[Captioned web image data]
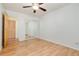 This cozy bedroom has hardwood floors and mirrored closet doors at 5995 W Hampden Ave # 3E, Denver, CO 80227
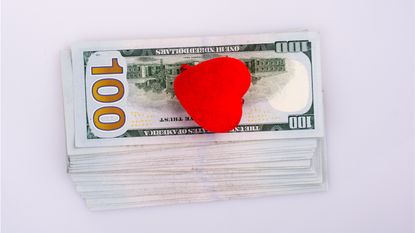 A heart knickknack sits on top of a stack of hundred-dollar bills.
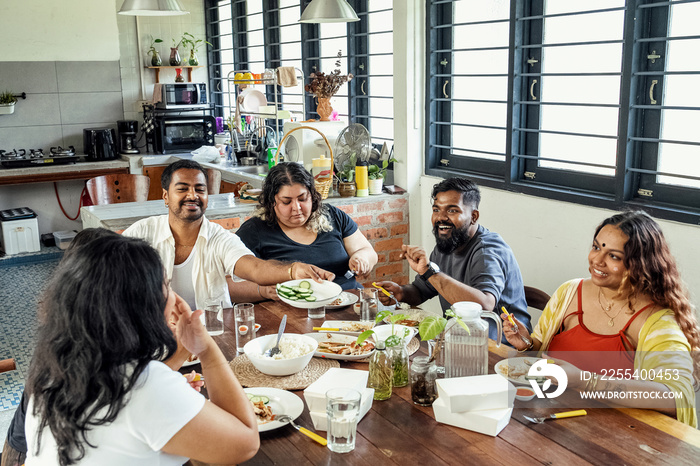 Group of friends sharing a meal together at home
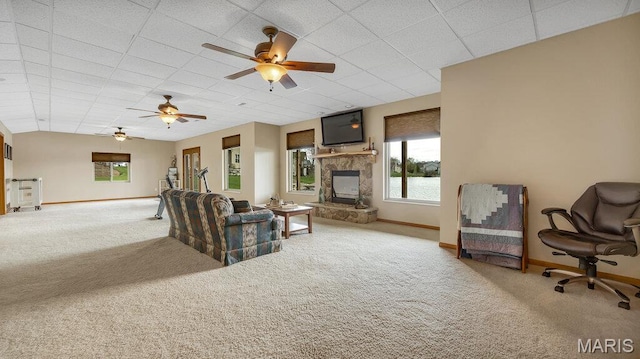 304 Wood Duck Ct, Waterloo, IL 62298 - carpeted living room featuring baseboards, a drop ceiling, ceiling fan, and a fireplace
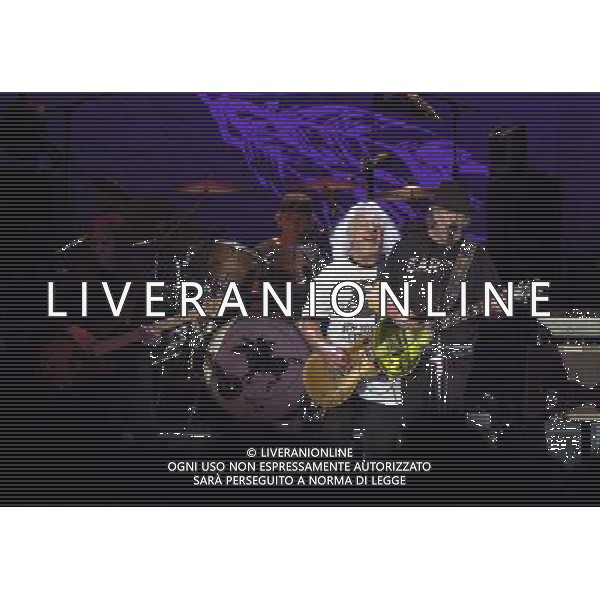 Neil Young and Crazy Horse performing at Liverpool Echo Arena, England on 13th July 2014. Bassist Rick Rosas; drummer Ralf Molina; Guitarist Frank Sampedro; lead singer/guitarist Neil Young. ©PHOTOSHOT/Agenzia Aldo Liverani sas - ITALY ONLY - EDITORIAL USE ONLY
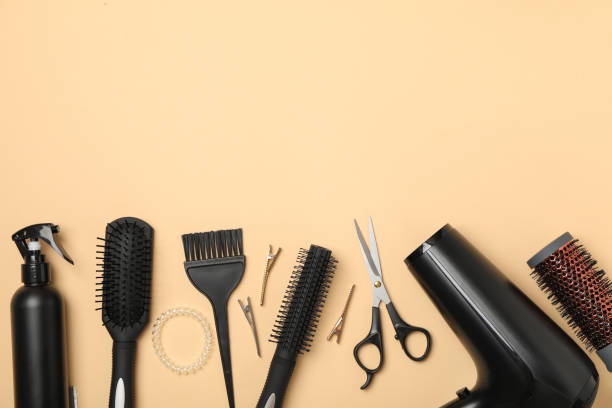 istock Composition with hairdresser accessories on beige background, space for text 1265031870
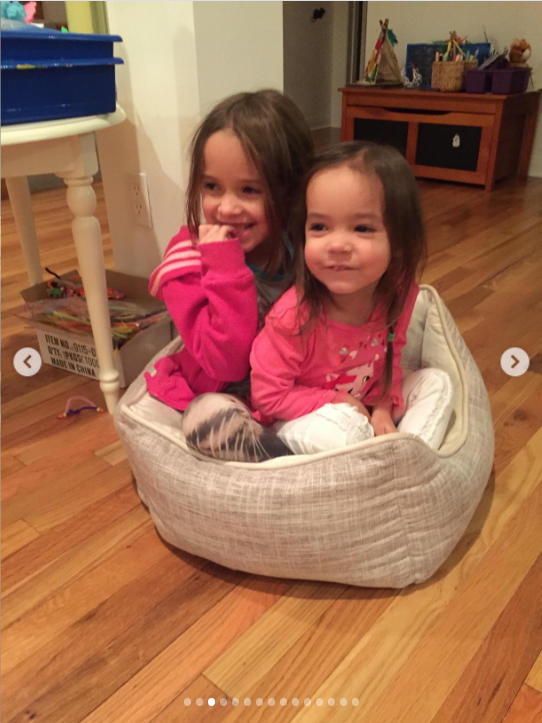 Mabel and Fiona are pictured together as young sisters, squeezed into a small upholstered chair and smiling for the camera. The candid childhood moment captures the easy closeness between them, with Mabel sitting just behind Fiona as they share an ordinary day at home.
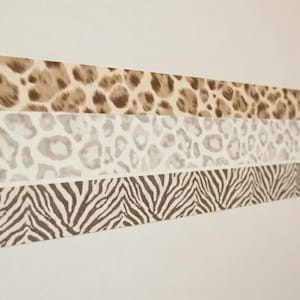 May include: Three horizontal strips of adhesive tape arranged in a stack. The top strip features a brown and tan leopard print. The middle strip displays a light gray and white leopard pattern. The bottom strip shows a brown and white zebra stripe design.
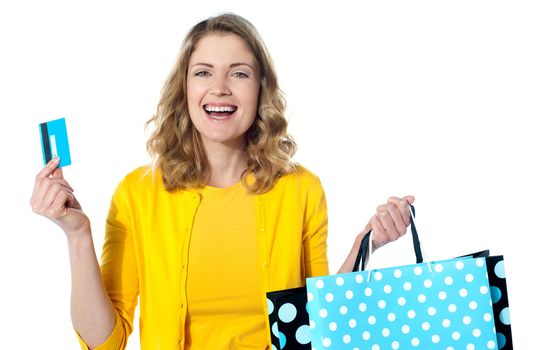 Happy shopaholic female laughing. Holidng credit-card and shopping bags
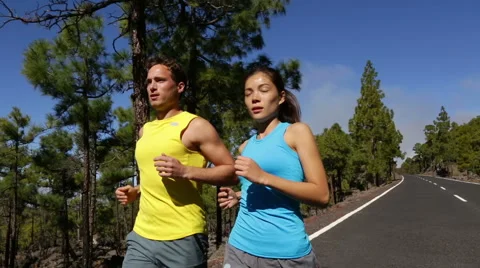 Exercise running sport - runners training on road for marathon Stock Footage 46182516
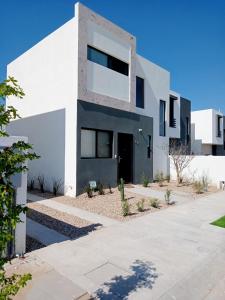 une maison blanche avec des fenêtres noires et une allée. dans l'établissement Casa Valtierra, La Paz, à La Paz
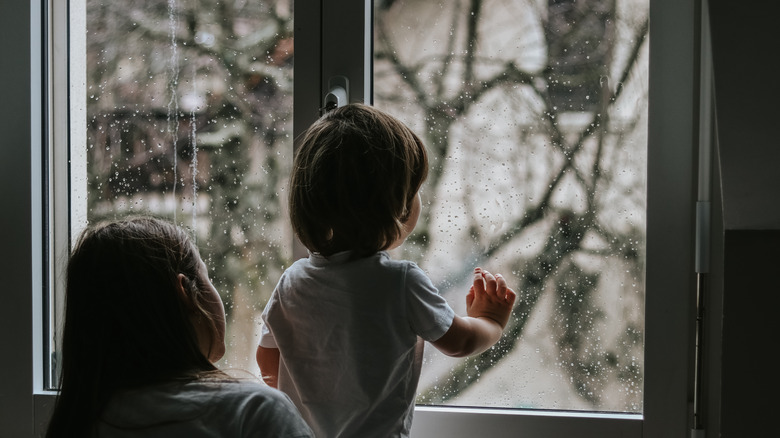 Little boy and girl looking at rain out window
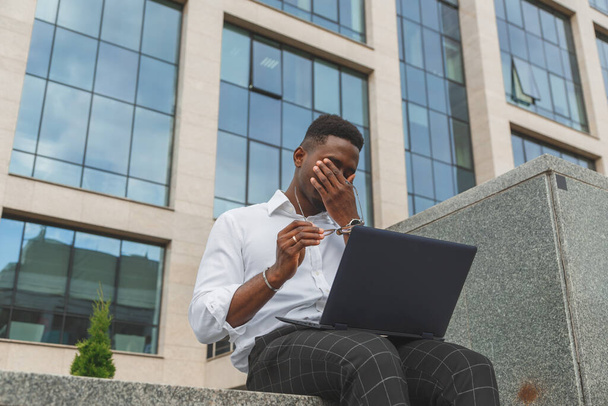 Feeling exhausted. Frustrated young black african man keeping eyes closed and looking tired from extra working on laptop - 写真・画像
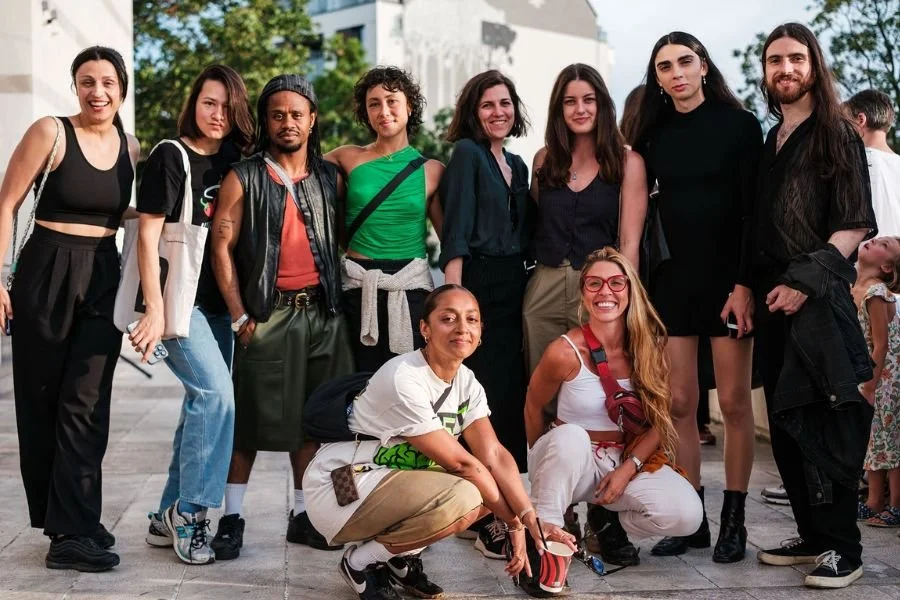 Group of participating VAP artists pose together outdoors smiling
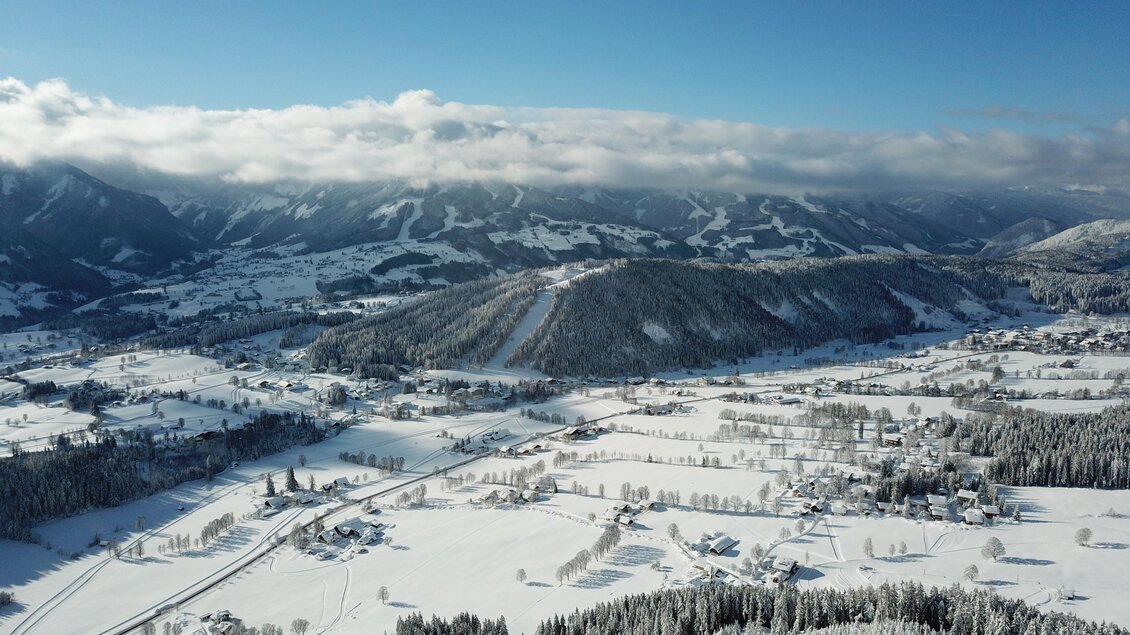 Eine malerische Winterlandschaft mit schneebedeckten Hügeln und Bäumen. Der Himmel ist klar und blau, und die Wolken liegen sanft über den Bergen. | © ©KajetanGerharter 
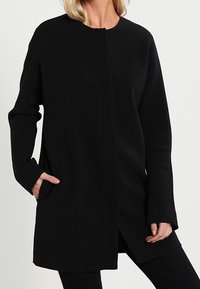 Černý dlouhý kabát s rovný střihem, kulatým výstřihem, bočními kapsami a hladkou strukturou. Nemá viditelné zapínání ani vzory.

= WHAT IS NEEDED =
In the records above, find the line containing "May include: Three" and the line containing "Little boy and", then give both of them again word for word along with every line between. Omit any pictures.

= RESULT =
 May include: Three horizontal strips of adhesive tape arranged in a stack. The top strip features a brown and tan leopard print. The middle strip displays a light gray and white leopard pattern. The bottom strip shows a brown and white zebra stripe design.
 Happy shopaholic female laughing. Holidng credit-card and shopping bags
 Exercise running sport - runners training on road for marathon Stock Footage 46182516
 une maison blanche avec des fenêtres noires et une allée. dans l'établissement Casa Valtierra, La Paz, à La Paz
 Little boy and girl looking at rain out window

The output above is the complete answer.